Client Brief for Raised Garden

When the client moved into their home five years ago, the house had been completely renovated by the previous owner but the garden had been almost totally overlooked. The current owners improved the look of the front garden by installing a low wall encompassing a ‘spoon’ shaped area creating a border facing southwest. The poor quality soil was compacted clay with a great deal of building rubble. It had some established evergreen shrubs with the boundary made up of various hedging plants set into a stone wall. The border also incorporated a broken, poorly constructed water feature, and a damaged rear access path.

Following my consultation with the owners we established that the border should transformed into an attractive, purple-themed haven for pollinators, using a variety of plants to soften the hard wall landscaping.
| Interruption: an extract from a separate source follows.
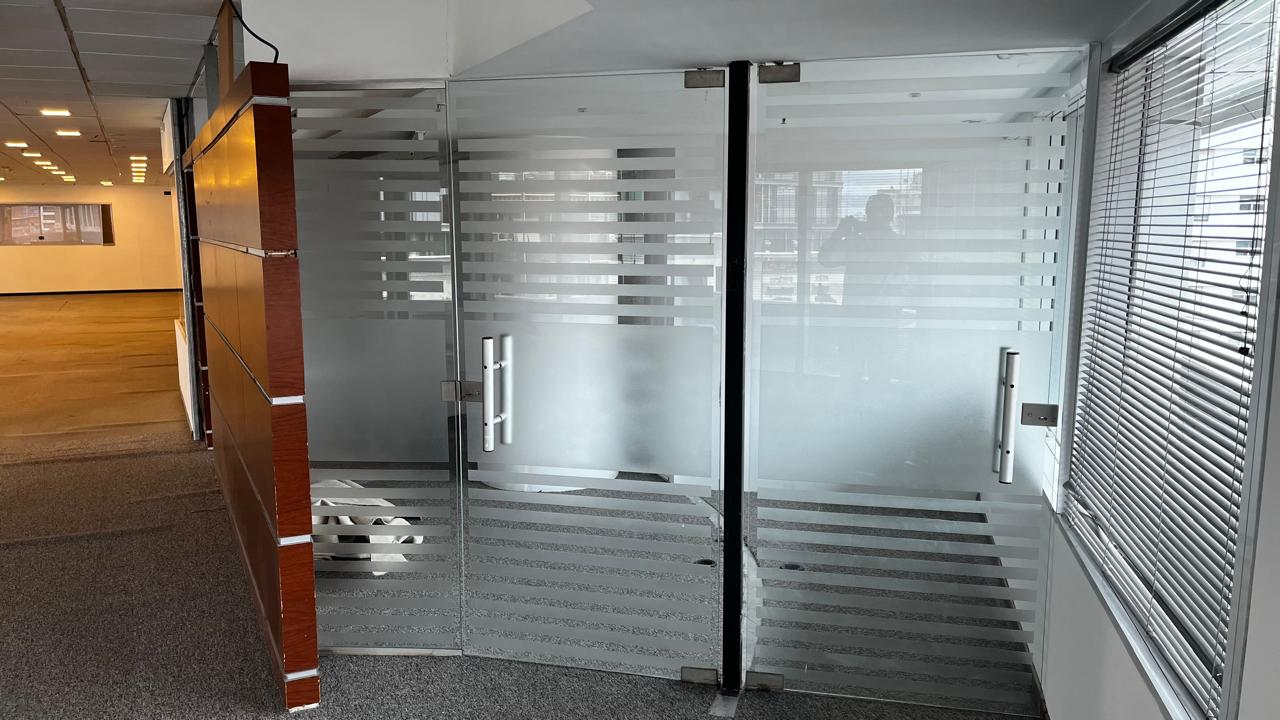 Alquiler OFICINA Categoría  250 m2 Ecipsa Tower Vistas a Yrigoyen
In addition, the clients wanted a new, more modern water feature set amongst the planting.






 Garden Designer in Essex and Suffolk




Solution – A bespoke planting plan

To address the soil problem the landscapers dug several tons of compost and topsoil into the border. This improved its drainage and provided a better base for the planting. At this point I prepared drawings for the reservoir for the water feature, surrounded by a steel collar with a slope matching the slope of the border.

To provide year-round flowers I planted the border with Narcissi, Alliums and Euphorbia for spring colour, which links and slightly overlaps with the summer flowering Salvia nemorosa, Nepeta ‘Kit Kat’, and Verbena rigida, providing a long succession of colour through the summer into the autumn. I added an element of height by installing a multi-stemmed silver birch. I then softened the border with Deschampsia cespitosa 'Goldtau' and Calamagrostis × acutiflora 'Karl Foerster'. These two grasses also provide an ethereal presence through the winter.

Due to the unusual shape of the border, it presented an area very heavily weighted around the entrance to the garden, which then trailed off towards a parking area. To combat this imbalance the narrow part of the border needed height and visual impact to both ends of the border. I achieved this by adding a heavyweight oak pergola to the narrow end, which arches over a walkway entrance. I adorned this pergola with a beautiful climbing rose and repeated key plants throughout this area, delivering unity to the whole border.

The end result provided a veritable haven for pollinators and garden lovers alike, with a beautiful and varying array of purple blooms of flowers from early spring through to late autumn.